Dans le flot des actualités périssables du petit matin, il arrive qu’une nouvelle vous saisisse d’une sincère et tenace émotion. Vous y repenserez pendant la journée, puis elle vous accompagnera les jours suivants. Comme beaucoup je crois, j’ai été touché par l’interview radiophonique d’Axel Kahn le 17 mai. Avec une sagesse qui force l’admiration, le grand médecin et essayiste y indiquait se mettre en retrait de la présidence de la Ligue contre le cancer et de ses autres engagements, en raison de cette redoutable maladie qui ne lui promettait plus que quelques jours à vivre.

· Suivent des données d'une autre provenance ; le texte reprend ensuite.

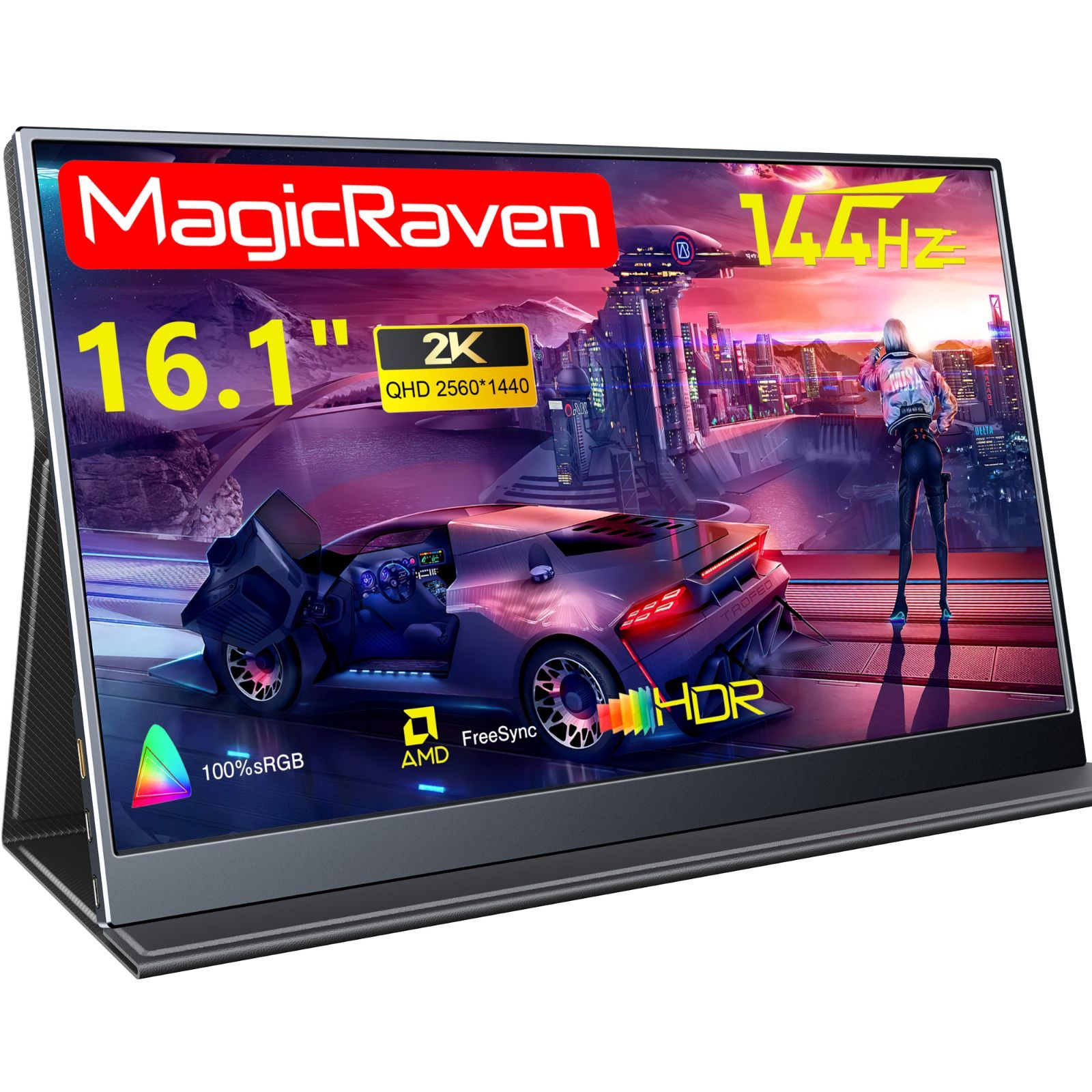 Amazon.co.jp: モバイルモニター CNBANAN 16インチ 4K解像度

Impuissants, nous avons tous souffert de la perte de parents emportés par ces cancers qui demeurent si imprévisibles et injustes à tout âge. Toutefois, si j’ai été particulièrement ému par l’annonce d’Axel Kahn, c’est aussi en raison du vif souvenir que j’ai gardé d’une conférence sur la bioéthique qu’il avait donnée au lycée Buffon durant mon année de terminale. Lui-même ancien élève du même établissement, il avait mis en perspective ce soir-là, grâce à la brillante et simple éloquence de ses prises de parole, les tensions philosophiques enfouies derrière chaque avancée scientifique et médicale.

Me revient notamment l’exemple d’un couple de parents dont le jeune enfant serait atteint d’une maladie génétique incurable sans une greffe compatible qui ne pourrait venir que d’un frère ou d’une sœur à naître, mais avec la contrainte de vérifier à l’avance que son patrimoine serait exempté de l’anomalie à guérir. Dès lors que la médecine rendrait possible l’altération positive du génome, comment justifier de ne pas y recourir ? Les implications sont vertigineuses et m’interrogent encore : quelle différence et quelles limites placer ensuite face à la généralisation d’un clonage mélioratif ou simplement de confort ?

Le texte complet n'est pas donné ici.